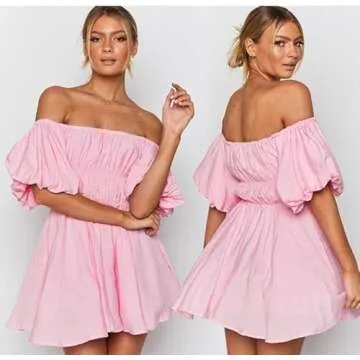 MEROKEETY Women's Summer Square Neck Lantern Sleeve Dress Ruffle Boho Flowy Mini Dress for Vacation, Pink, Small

--

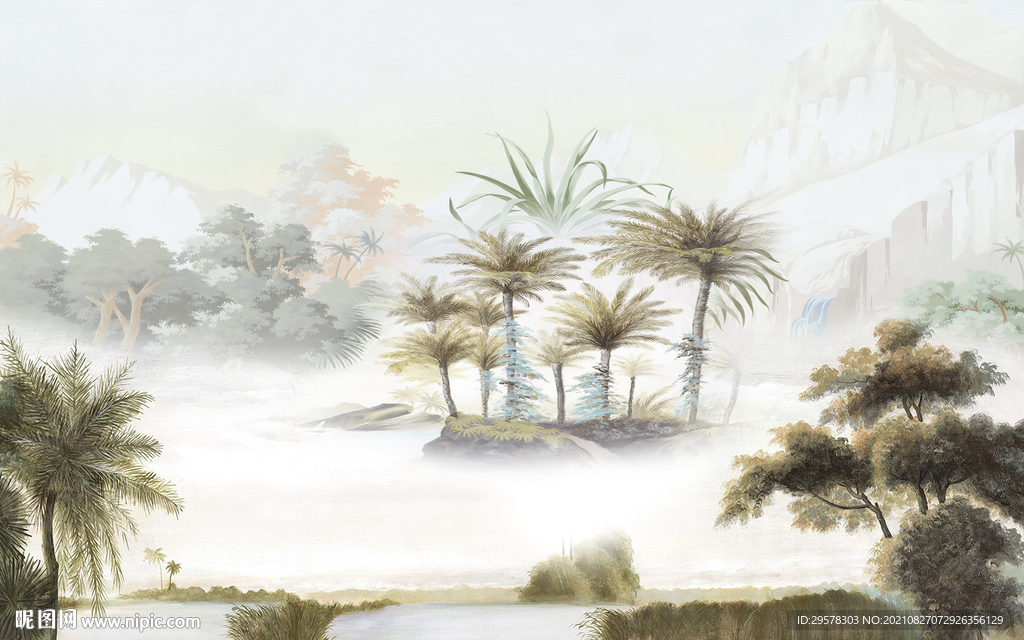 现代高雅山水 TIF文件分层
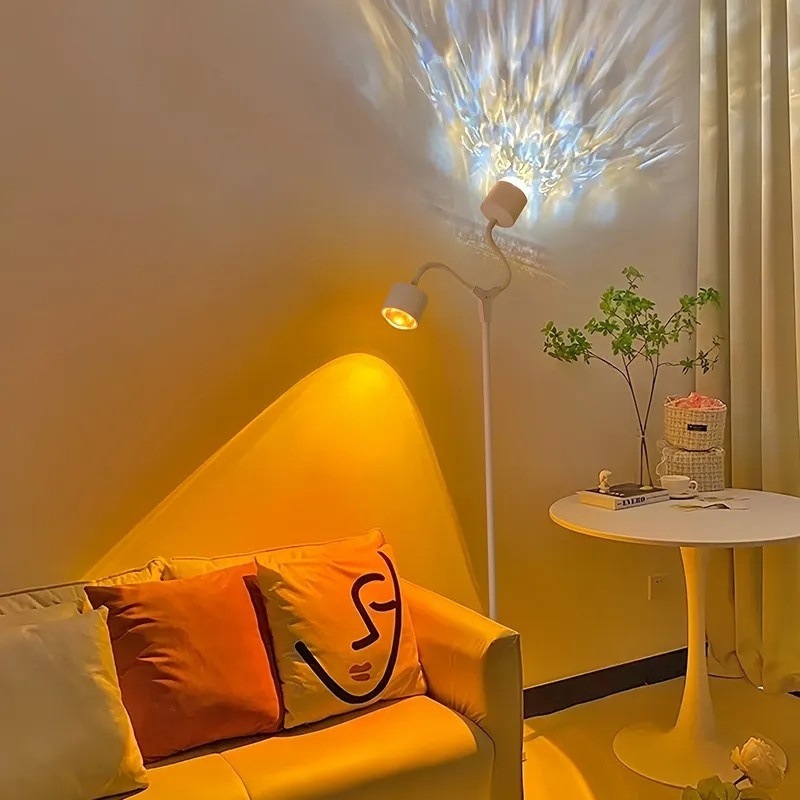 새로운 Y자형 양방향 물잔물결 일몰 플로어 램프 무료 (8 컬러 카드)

==

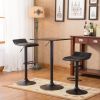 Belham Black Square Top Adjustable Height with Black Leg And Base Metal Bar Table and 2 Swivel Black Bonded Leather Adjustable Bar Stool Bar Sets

ASSIGNED TASK:
Everything from the line with "现代高雅山水 TIF文件分层" down to the line with "새로운 Y자형 양방향 물잔물결 일몰 플로어 램프 무료 (8 컬러 카드)" in the data above should be copied exactly, with both end lines kept and the pictures left out.

RESULT FOR THIS TASK:
 现代高雅山水 TIF文件分层
 새로운 Y자형 양방향 물잔물결 일몰 플로어 램프 무료 (8 컬러 카드)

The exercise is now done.